In the Township, Esther Mills and Cindy Randazzo are going up against incumbent Democrats Phyllis Marchand and Lance Liverman, and in the Borough, Linda Sipprelle and Joe Codega will square off against incumbents Roger Martindell and Andrew Koontz. All four of the Democratic candidates announced their intentions to run last month.
"These are towns that used to be known as solidly Republican towns, but in the last 20 years, there have been more Democrats and Independents moving in," said Mark Herr, president of the Republican Association of Princeton (RAP) last week. "In 2005, we did well, surprising some, but in 2006, the years of transition caught up with us and we were unable to field candidates," he said, pointing to the 2005 candidacies of Tom Pyle and Gordon Bryant, who waged unsuccessful attempts to derail the candidacy of now-Committeewoman Vicky Bergman and to unseat Township Deputy Mayor Bernie Miller.
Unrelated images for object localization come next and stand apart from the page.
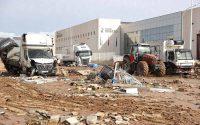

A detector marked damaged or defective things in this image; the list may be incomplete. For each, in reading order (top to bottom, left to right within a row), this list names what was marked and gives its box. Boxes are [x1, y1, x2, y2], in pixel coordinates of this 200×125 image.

damaged truck [0, 33, 57, 75]
wrecked vehicle [0, 33, 57, 76]
overturned truck [0, 33, 57, 76]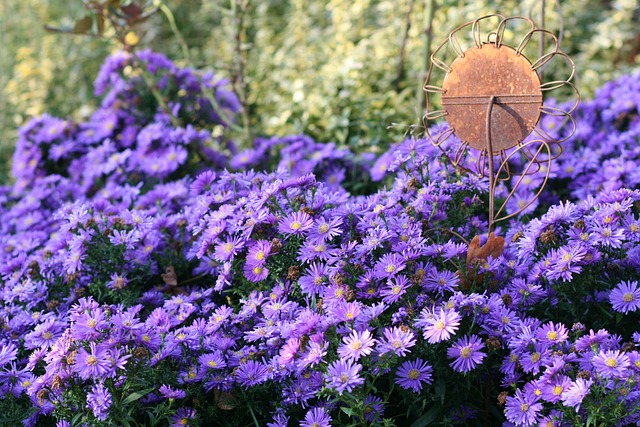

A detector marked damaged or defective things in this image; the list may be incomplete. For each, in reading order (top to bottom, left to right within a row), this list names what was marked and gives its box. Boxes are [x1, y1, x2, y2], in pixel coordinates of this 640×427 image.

rusty metal disc [442, 42, 544, 153]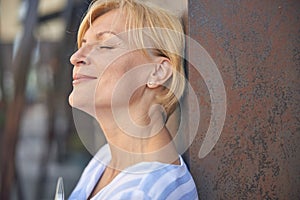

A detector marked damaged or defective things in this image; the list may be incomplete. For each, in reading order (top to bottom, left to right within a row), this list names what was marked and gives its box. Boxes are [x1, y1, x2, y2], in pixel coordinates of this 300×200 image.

rust texture [188, 0, 300, 198]
rusty metal column [188, 0, 300, 198]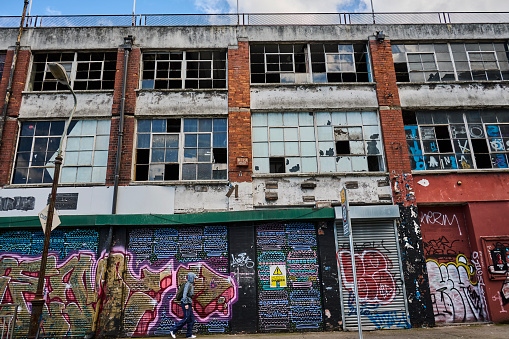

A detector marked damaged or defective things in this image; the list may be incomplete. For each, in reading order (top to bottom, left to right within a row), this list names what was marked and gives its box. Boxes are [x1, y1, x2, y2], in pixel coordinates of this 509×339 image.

broken window [29, 50, 117, 90]
broken window [140, 50, 225, 89]
broken window [251, 43, 368, 84]
broken window [390, 42, 506, 83]
broken window [12, 120, 110, 185]
shattered glass window [12, 120, 110, 185]
broken window [135, 117, 226, 182]
shattered glass window [135, 118, 226, 182]
broken window [252, 112, 382, 174]
shattered glass window [252, 112, 382, 174]
shattered glass window [402, 110, 506, 171]
broken window [402, 111, 506, 171]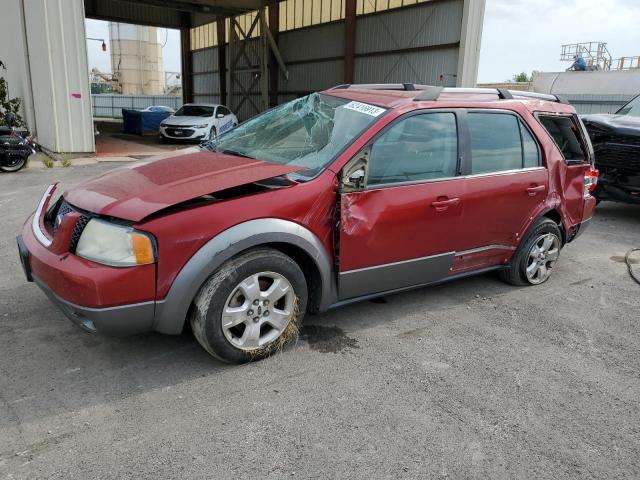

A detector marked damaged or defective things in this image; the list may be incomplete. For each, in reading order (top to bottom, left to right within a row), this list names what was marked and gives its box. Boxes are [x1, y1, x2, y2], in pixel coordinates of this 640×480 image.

crushed hood [65, 151, 302, 222]
damaged red suv [18, 86, 600, 362]
dented driver door [338, 112, 468, 300]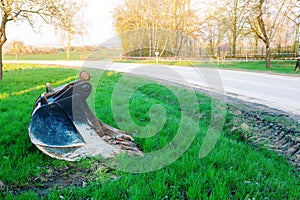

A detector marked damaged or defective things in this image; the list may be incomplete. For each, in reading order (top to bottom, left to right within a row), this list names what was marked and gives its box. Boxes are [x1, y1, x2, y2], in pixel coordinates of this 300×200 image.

rusty metal bucket [27, 71, 142, 161]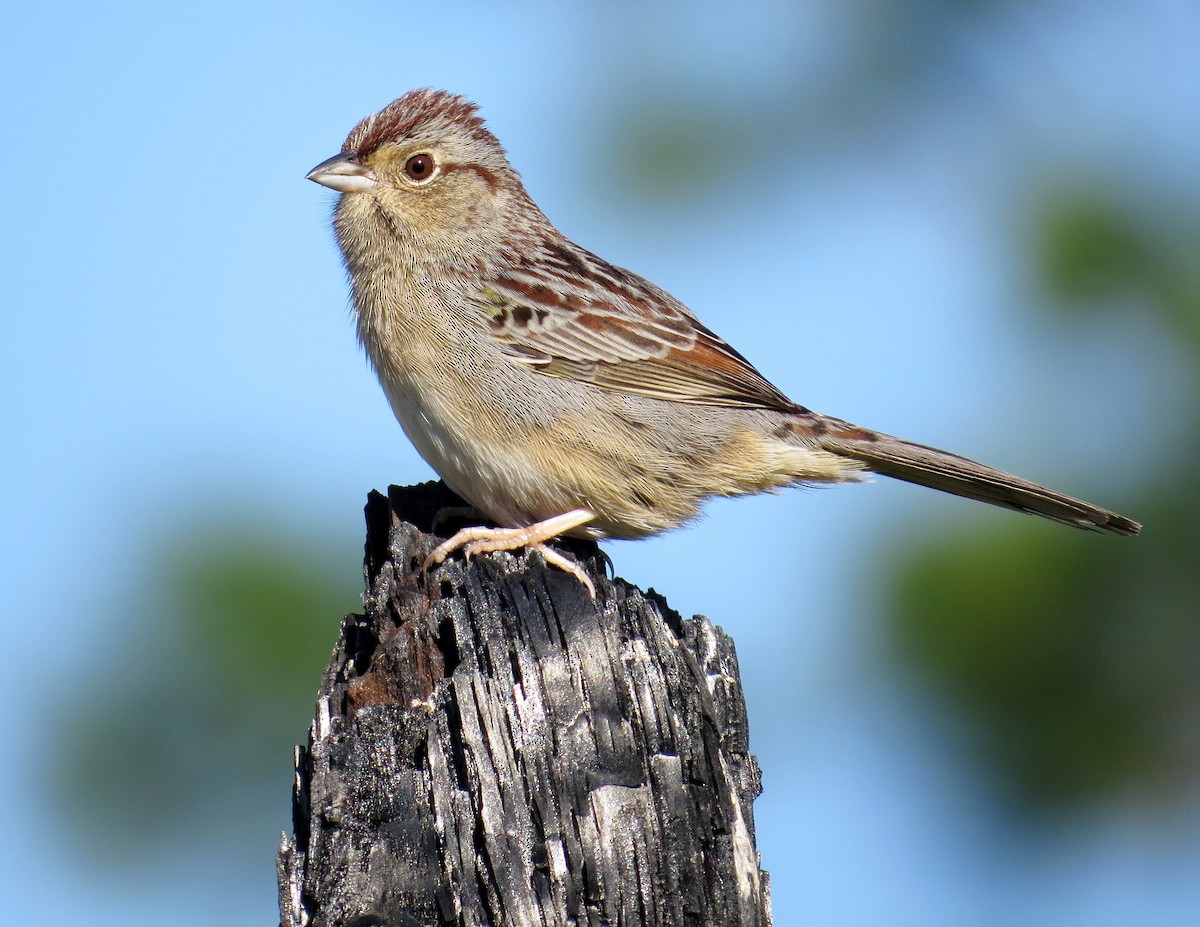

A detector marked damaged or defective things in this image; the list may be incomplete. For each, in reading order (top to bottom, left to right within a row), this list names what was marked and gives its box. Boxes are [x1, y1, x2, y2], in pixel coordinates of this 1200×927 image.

charred wooden post [278, 482, 768, 927]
"When we looked around in 2006, we didn't feel that we would be doing the electorate a service by putting a slapdash campaign together," Mr. Herr said. "Voters would have been poorly suited to have a bad campaign."
But in the summer of 2006, Republicans began meeting regularly, trying to reinvigorate a party that had struggled to stay afloat in recent years. Democrats were well organized, and fresh candidates kept surfacing. November elections became irrelevant on the local level because, even now, more races are waged in the primary.
Mr. Herr's group hopes to change that, along with the Republican caricature of "old white guys, smoking cigars in a room."
"We have a good foursome, and we're working very closely together," said Ms. Sipprelle, adding that policies are still solidifying.
Mr. Codega, a sophomore at Princeton University, acknowledged that he was coming in as an outsider, but that his involvement with the RAP, and with the University's Princeton College Republicans introduced him to the party's reorganization.
"I saw University students participating in the community, and I think too often, University students ignore their community relationship," he said. "This should be about real civic responsibility."
Ms. Mills, who is a professional mental health counselor, met Mr. Pyle and Mr. Bryant while working at Princeton Community Television, as the Princeton Taxpayers Association, a resident-based advocacy group, looked to televise a candidates' debate at the Hun School in 2005.
Ms. Randazzo, a businesswoman and a self-described "newcomer," quipped that when she first arrived to Princeton from her native Michigan, she "had to hide under a rock because I was a Republican.
"I never envisioned this, but I think the possibilities are endless there are still some things that can be done here."
Town Topics will profile each candidate running for Borough and Township elected office in the coming months.